Corn fundamentals remain constant as we enter next week. Cash prices being offered at U.S. shipping ports to meet export demand remain 40 to 80 cents over March futures, a sign that crop problems in South America have importers turning to the U.S. to fill needs.

The drought in Mexico has also contributed to a wave of exports into Asia. While demand is good, it falls short of great. Asian business accounts for 70% of our annual feed grain exports, yet, big U.S. buyer Japan has purchased record Q1 shipments of European corn, while China only nibbles.

This all goes back to last February, when President Obama told China and other regular U.S. customers, We can't sell you all the grain you want, as we will run out. So, find secondary sources - and they have. This is not a bearish export scenario; it supports current prices ahead of all our planting and growing season uncertainty here, but it keeps carryover stocks stable, preventing rampant price inflation.
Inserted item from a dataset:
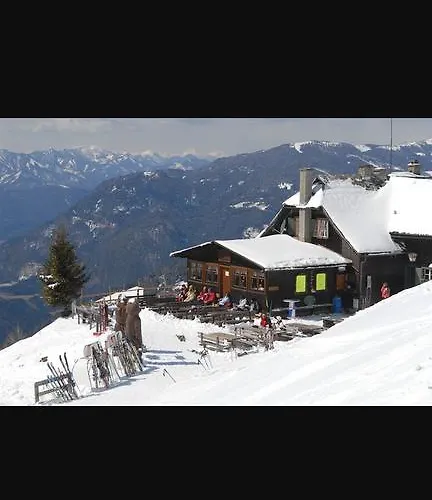 Silja Semesterbostad Steindorf am Ossiacher See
Soybean fundamentals, too, are constant, as demand is robust. China is actively buying in the U.S. - we are the world's sole port of origin prior to the Brazilian harvest (which should soon start.)
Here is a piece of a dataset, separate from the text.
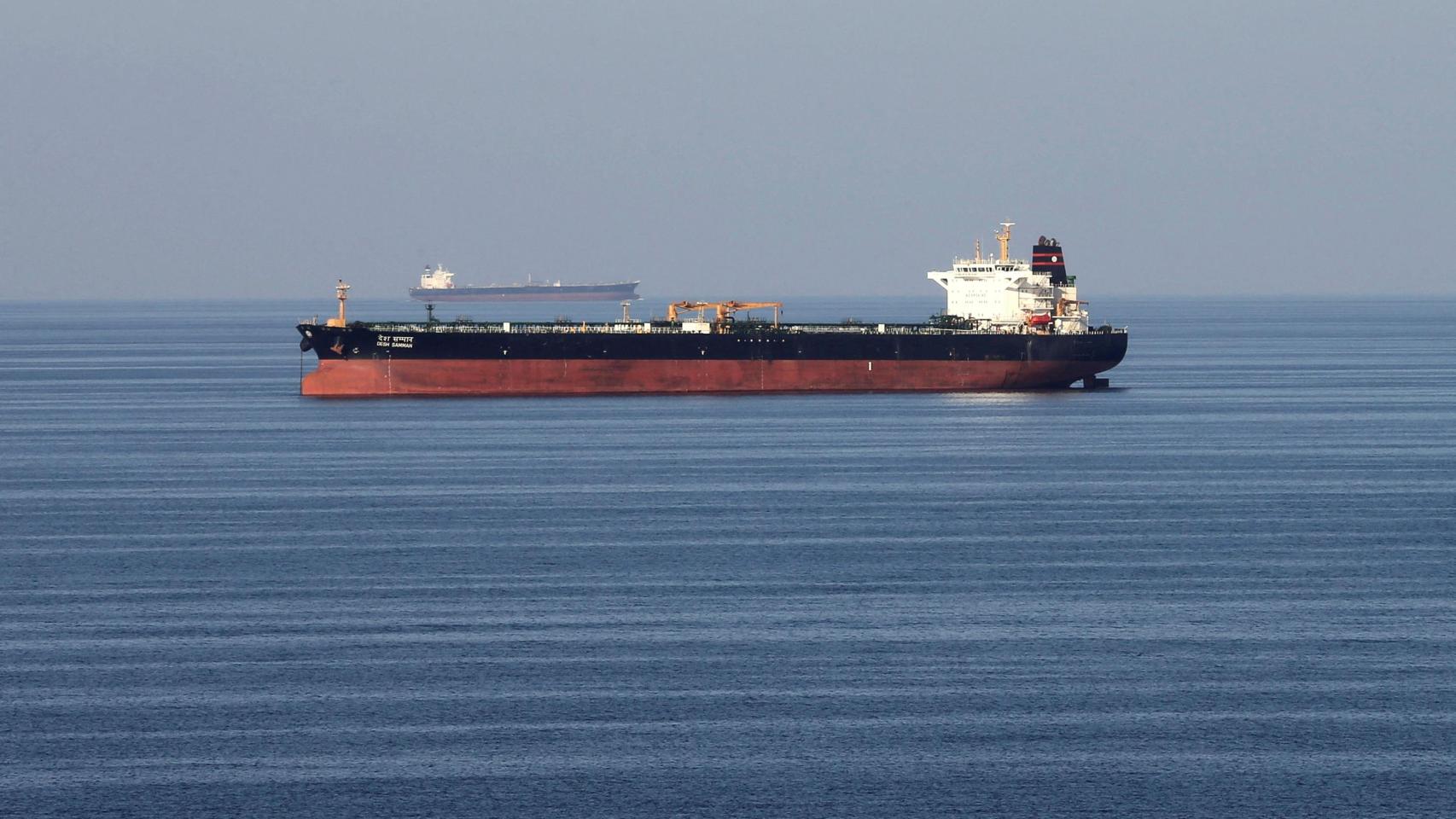 Petroleros pasan por el Estrecho de Ormuz , 21 de diciembre de 2018.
Current long-term forecasts have the last half of February wet in Brazil's central grain regions, which were planted first. If that comes true, it would lead to harvest delays, keeping U.S. exports solid. The big question to be determined as harvest results come in: will Brazil's historic wet growing season in its central grain regions lead to lower yields?
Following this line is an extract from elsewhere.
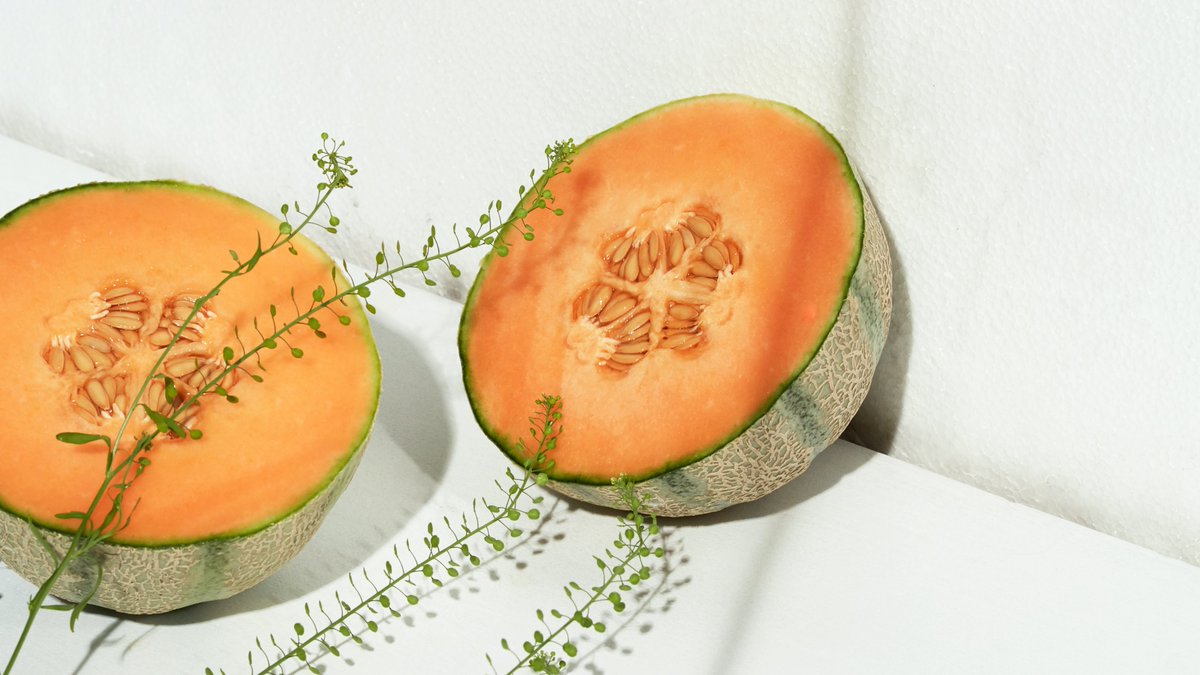 stirred_co's tweet photo. Excited about all the melon in the market right now? Don't have a juicer? Simply puree the meat of any ripe melon and strain through a fine mesh strainer to get some delicious fresh juice. Head to the Stirred app to find the Loupe Effect, which pairs your freshly made juice... https://t.co/UyQFSlvLrh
Wheat fundamentals are changing slightly. U.S. and foreign stocks are huge. Trend following funds which had a record short position two weeks ago have been short covering (buying back some of those positions) to trim risk as European and Russian wheat tries to endure below freezing temperatures. Such cold can trim yields sharply even though the crop is dormant. We hear of 50% losses in some Russian grain areas, which would lead to better U.S. wheat exports the last 20 days. Further, that kind of yield loss sets up potential for a big price increase if Russia decides to protect domestic needs and prices by restricting future exports.

Next week's weather forecast across Europe and Russia calls for more below freezing conditions, further creating production concerns. The seasonal February trading pattern is subject to change with weather actualities, but keep this as a footnote. We always rally ahead of the USDA crop report such as next Thursday's at 7:30 a.m. Central, then break afterwards into month's end before a March-to-June U.S. planting and growing season rally.